[MachineOutliner] AArch64: Avoid saving + restoring LR if possible
This commit allows the outliner to avoid saving and restoring the link register
on AArch64 when it is dead within an entire class of candidates.
This introduces changes to the way the outliner interfaces with the target.
For example, the target now interfaces with the outliner using a
MachineOutlinerInfo struct rather than by using getOutliningCallOverhead and
getOutliningFrameOverhead.
This also improves several comments on the outliner's cost model.
https://reviews.llvm.org/D36721
llvm-svn: 314341
diff --git a/llvm/lib/CodeGen/MachineOutliner.cpp b/llvm/lib/CodeGen/MachineOutliner.cpp
index c120354..38aea4f 100644
--- a/llvm/lib/CodeGen/MachineOutliner.cpp
+++ b/llvm/lib/CodeGen/MachineOutliner.cpp
@@ -15,6 +15,23 @@
/// instructions. If a sequence of instructions appears often, then it ought
/// to be beneficial to pull out into a function.
///
+/// The MachineOutliner communicates with a given target using hooks defined in
+/// TargetInstrInfo.h. The target supplies the outliner with information on how
+/// a specific sequence of instructions should be outlined. This information
+/// is used to deduce the number of instructions necessary to
+///
+/// * Create an outlined function
+/// * Call that outlined function
+///
+/// Targets must implement
+/// * getOutliningCandidateInfo
+/// * insertOutlinerEpilogue
+/// * insertOutlinedCall
+/// * insertOutlinerPrologue
+/// * isFunctionSafeToOutlineFrom
+///
+/// in order to make use of the MachineOutliner.
+///
/// This was originally presented at the 2016 LLVM Developers' Meeting in the
/// talk "Reducing Code Size Using Outlining". For a high-level overview of
/// how this pass works, the talk is available on YouTube at
@@ -80,17 +97,17 @@
bool InCandidateList = true;
/// The start index of this \p Candidate.
- size_t StartIdx;
+ unsigned StartIdx;
/// The number of instructions in this \p Candidate.
- size_t Len;
+ unsigned Len;
/// The index of this \p Candidate's \p OutlinedFunction in the list of
/// \p OutlinedFunctions.
- size_t FunctionIdx;
+ unsigned FunctionIdx;
- /// Target-defined unsigned defining how to emit a call for this candidate.
- unsigned CallClass = 0;
+ /// Contains all target-specific information for this \p Candidate.

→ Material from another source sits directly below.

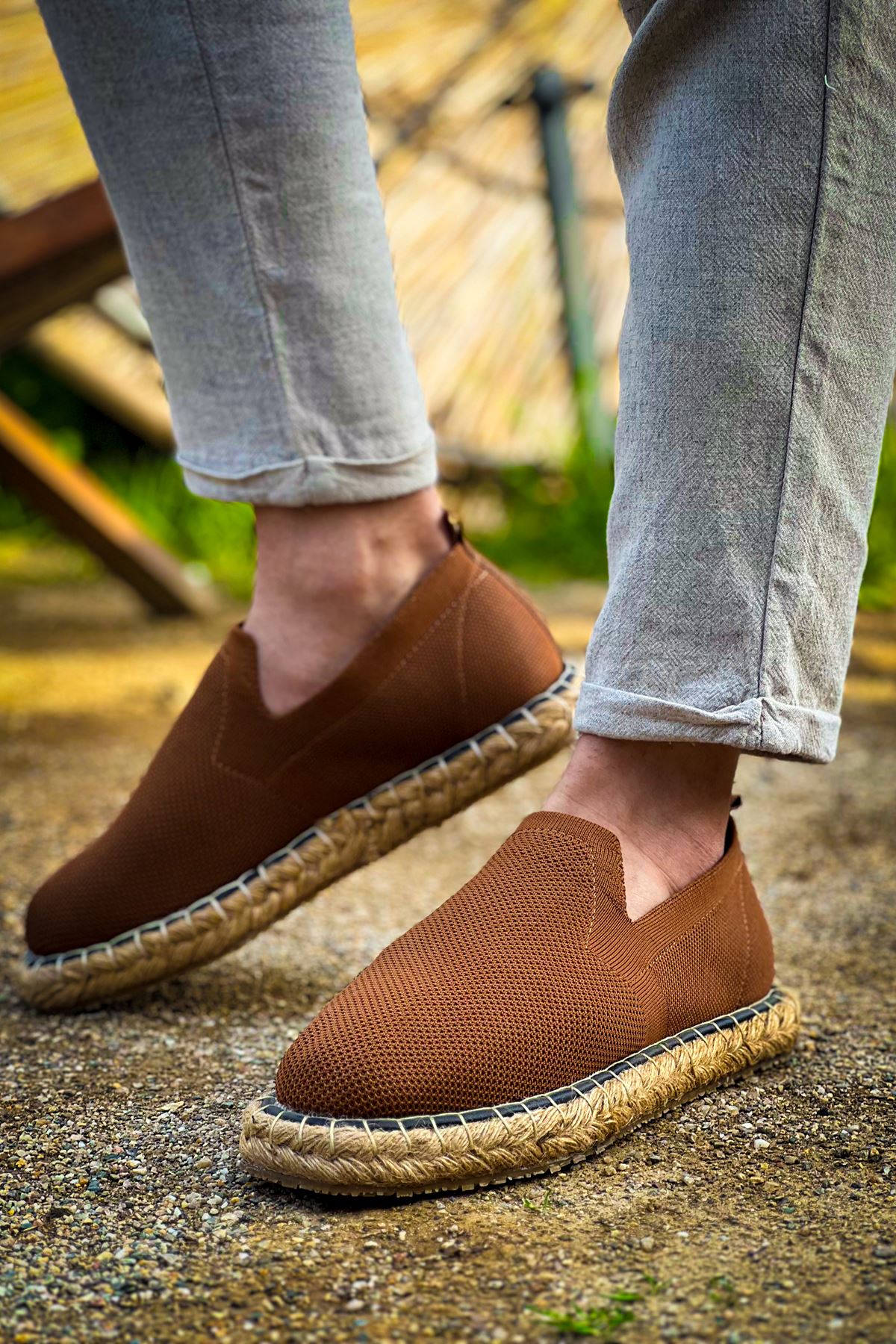 Düz Triko Kumaş Erkek Günlük Ayakkabı Kahve - Görsel 4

+ TargetInstrInfo::MachineOutlinerInfo MInfo;
/// \brief The number of instructions that would be saved by outlining every
/// candidate of this type.
@@ -101,9 +118,8 @@
/// for some given candidate.
unsigned Benefit = 0;
- Candidate(size_t StartIdx, size_t Len, size_t FunctionIdx, unsigned CallClass)
- : StartIdx(StartIdx), Len(Len), FunctionIdx(FunctionIdx),
- CallClass(CallClass) {}
+ Candidate(unsigned StartIdx, unsigned Len, unsigned FunctionIdx)
+ : StartIdx(StartIdx), Len(Len), FunctionIdx(FunctionIdx) {}
Candidate() {}
@@ -120,11 +136,11 @@
/// This is initialized after we go through and create the actual function.
MachineFunction *MF = nullptr;
- /// A numbefr assigned to this function which appears at the end of its name.
- size_t Name;
+ /// A number assigned to this function which appears at the end of its name.
+ unsigned Name;
/// The number of candidates for this OutlinedFunction.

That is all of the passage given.